What you should do |
Omitting all pictures, print the lines of the listing from the one containing "На продажу: $1,950,000 (11.00 acres)" through the final line, both ends included, with no other text.

--- Data extract Enclosed Below ---

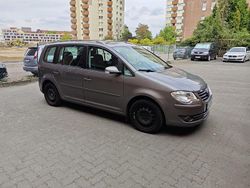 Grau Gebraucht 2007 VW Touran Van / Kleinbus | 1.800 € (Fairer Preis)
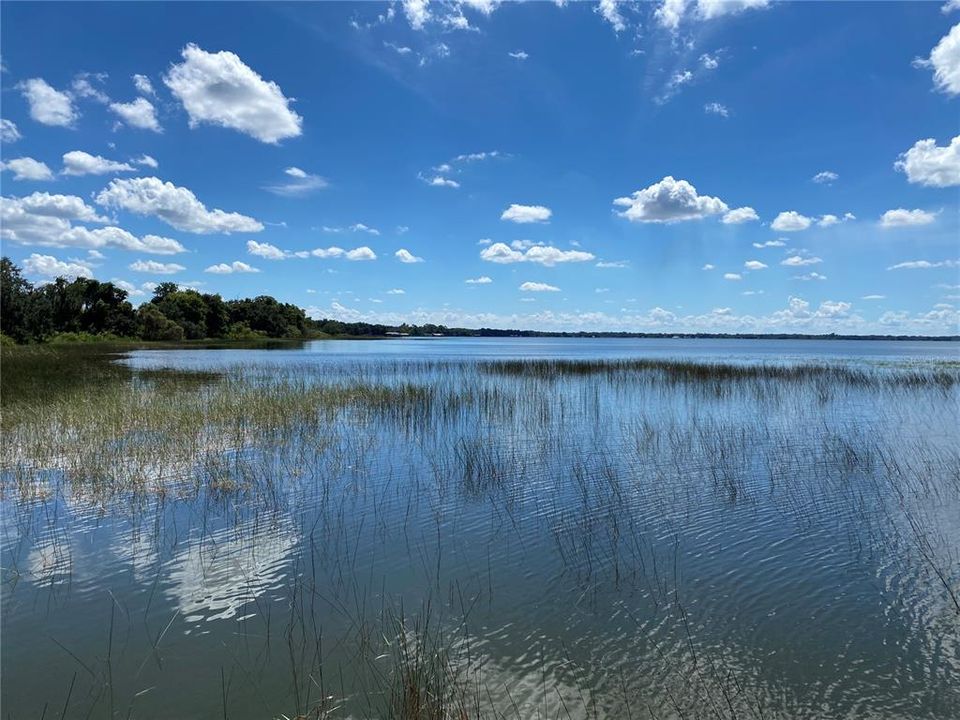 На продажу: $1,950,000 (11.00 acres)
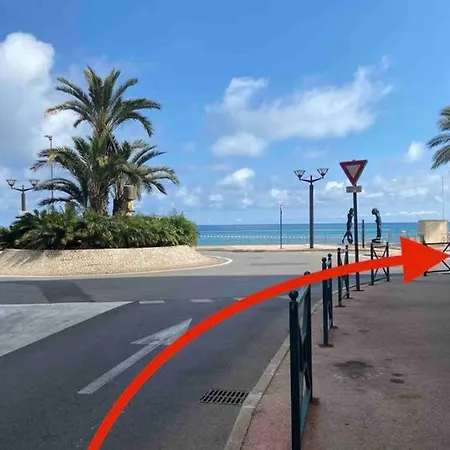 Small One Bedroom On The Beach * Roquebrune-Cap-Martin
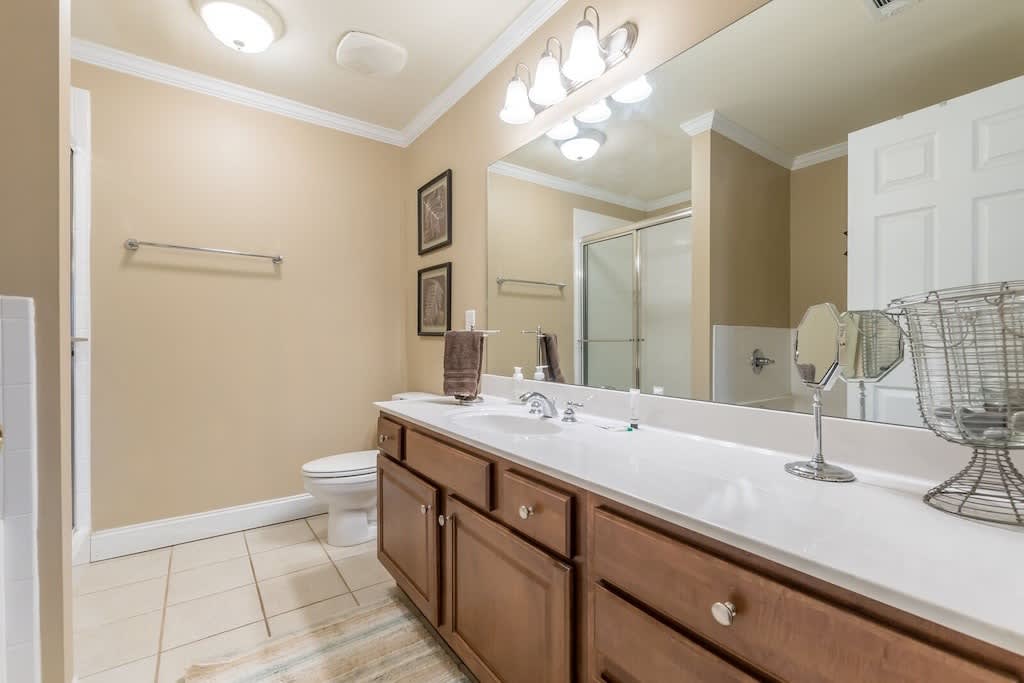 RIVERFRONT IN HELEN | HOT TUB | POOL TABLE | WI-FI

--- End of Enclosed Data extract ---

Answer for the task |
 На продажу: $1,950,000 (11.00 acres)
 Small One Bedroom On The Beach * Roquebrune-Cap-Martin
 RIVERFRONT IN HELEN | HOT TUB | POOL TABLE | WI-FI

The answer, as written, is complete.